## WORK REQUIRED:
Where the line containing "Kask Camp Ares Air White Hit sprzedaży" appears in the entries below, begin there and output every line through the last, exactly, minus the pictures.

## DATA PROVIDED:
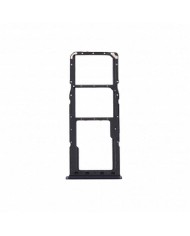 Comprar Bandeja Dual-Sim Samsung Galaxy A20s, A207 Negro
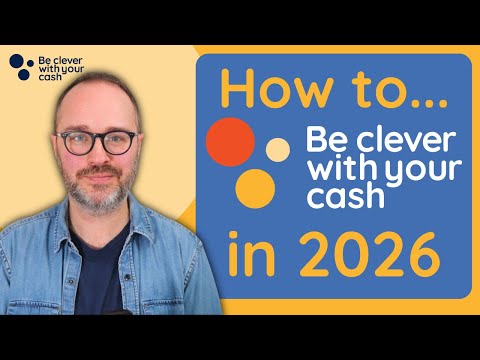 11 tips to Be Clever With Your Cash in 2026
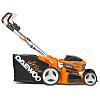 Battery Lawn Mower DAEWOO DLM 5042Li
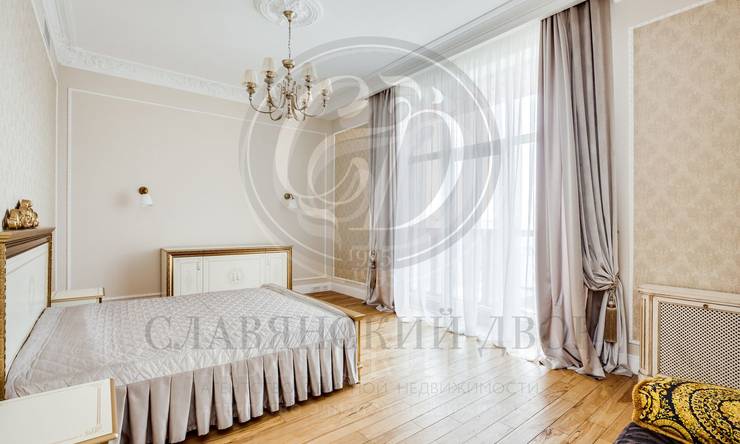 Лот-8170-268658 Аренда квартиры Замоскворечье, Якиманка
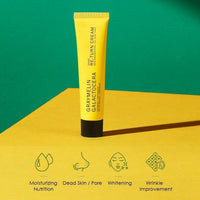 GRAYMELIN Galactocera Return Skin Barrier Strengthening 2-Piece Set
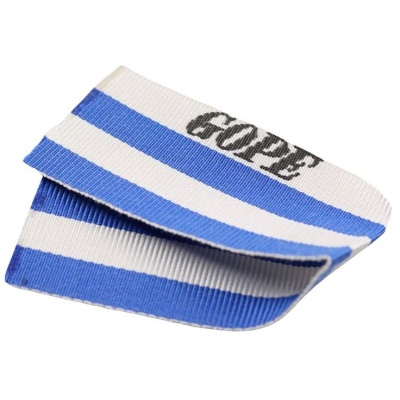 GORGURÃO 22CM PROFISSIONAL (PACOTE COM 10 UNIDADES)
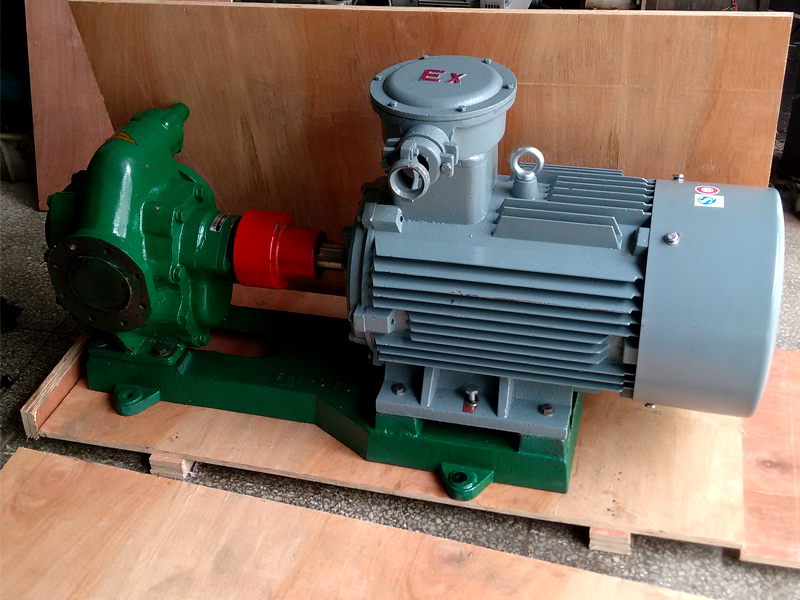 KCB銅齒輪泵 KCB銅齒輪泵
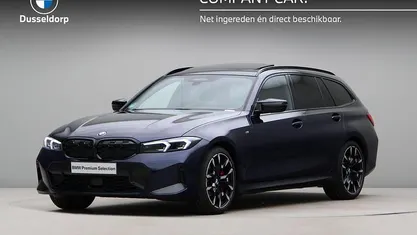 Occasion BMW M340 M Sport 374 PK (275 kW) 2025 Sedan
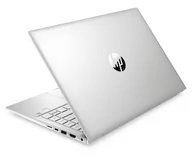 Laptopy - HP Pavilion 14-dv0404nw 4H322EA Intel i5-11/8GB/512SSD/Intel Xe/FullHD/Win10/Srebrny 4H322EA_500SSD - miniaturka - grafika 1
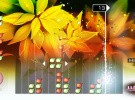 Lumines Electronic Symphony Screenshot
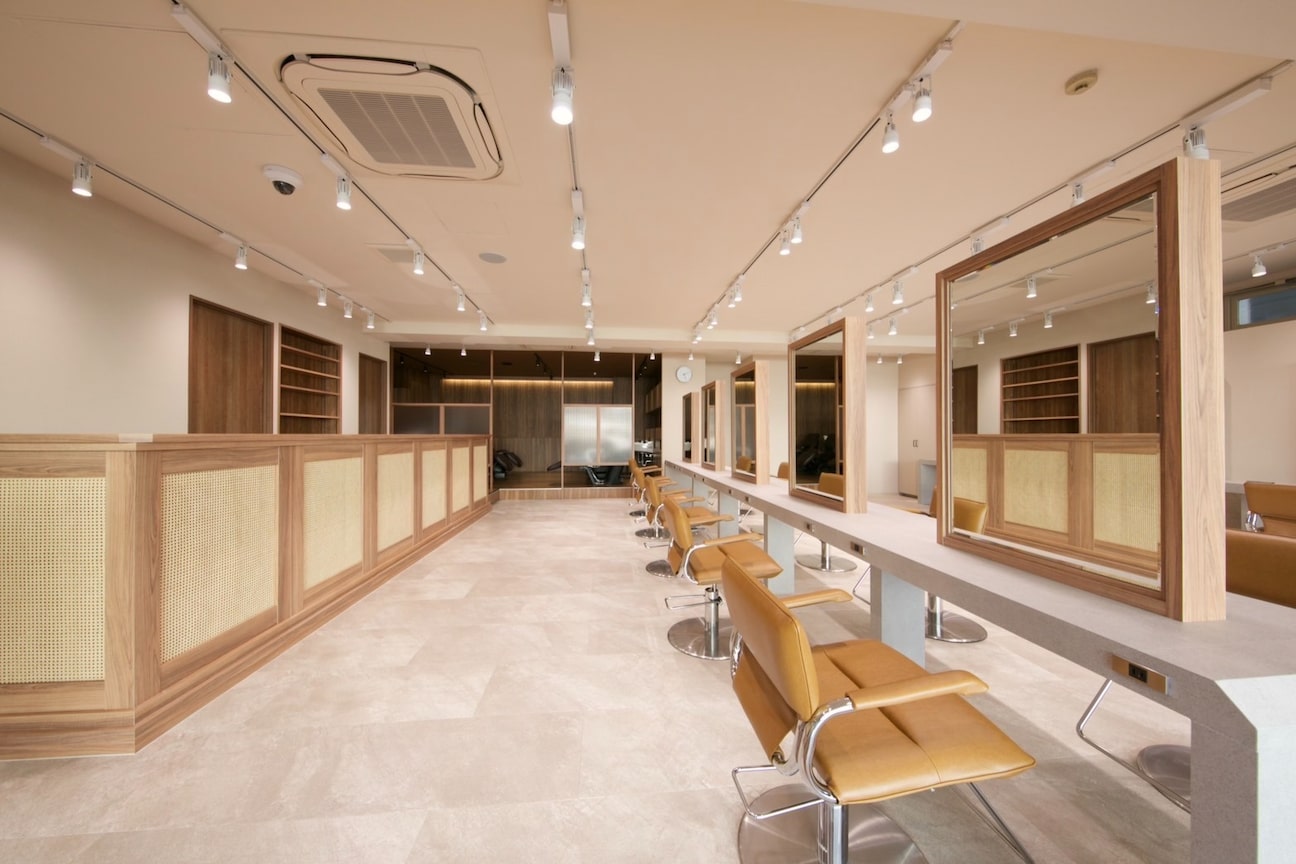 Ash(株式会社 niche)画像1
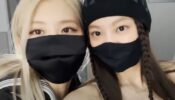 It’s Official: Blackpink’s Rosé, Like The Rest Of Us, Enjoys Memes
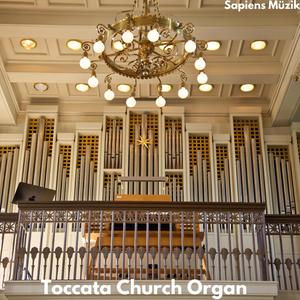 Non pensi quell'altera, Aria from Lotario Church Organ Edition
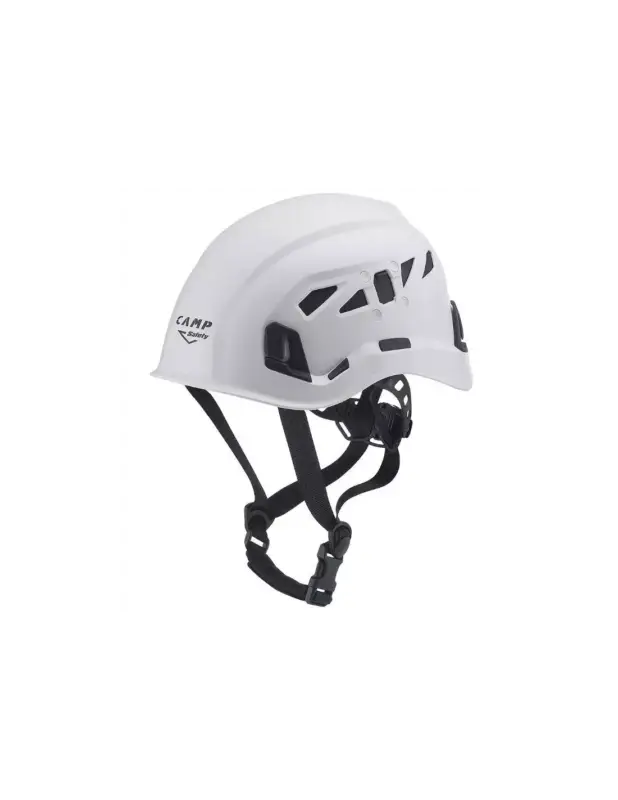 Kask Camp Ares Air White Hit sprzedaży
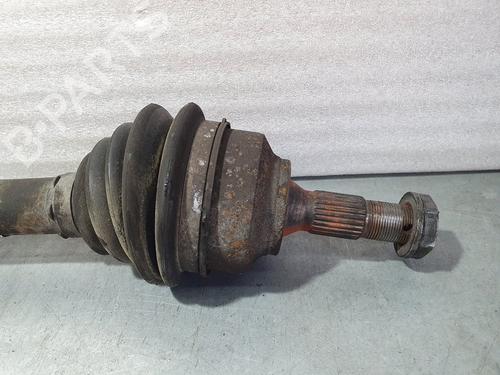 Left front driveshaft CITROËN BERLINGO MULTISPACE (B9)  | BP11394237M38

## SOLUTION TO THIS EXERCISE:
 Kask Camp Ares Air White Hit sprzedaży
 Left front driveshaft CITROËN BERLINGO MULTISPACE (B9)  | BP11394237M38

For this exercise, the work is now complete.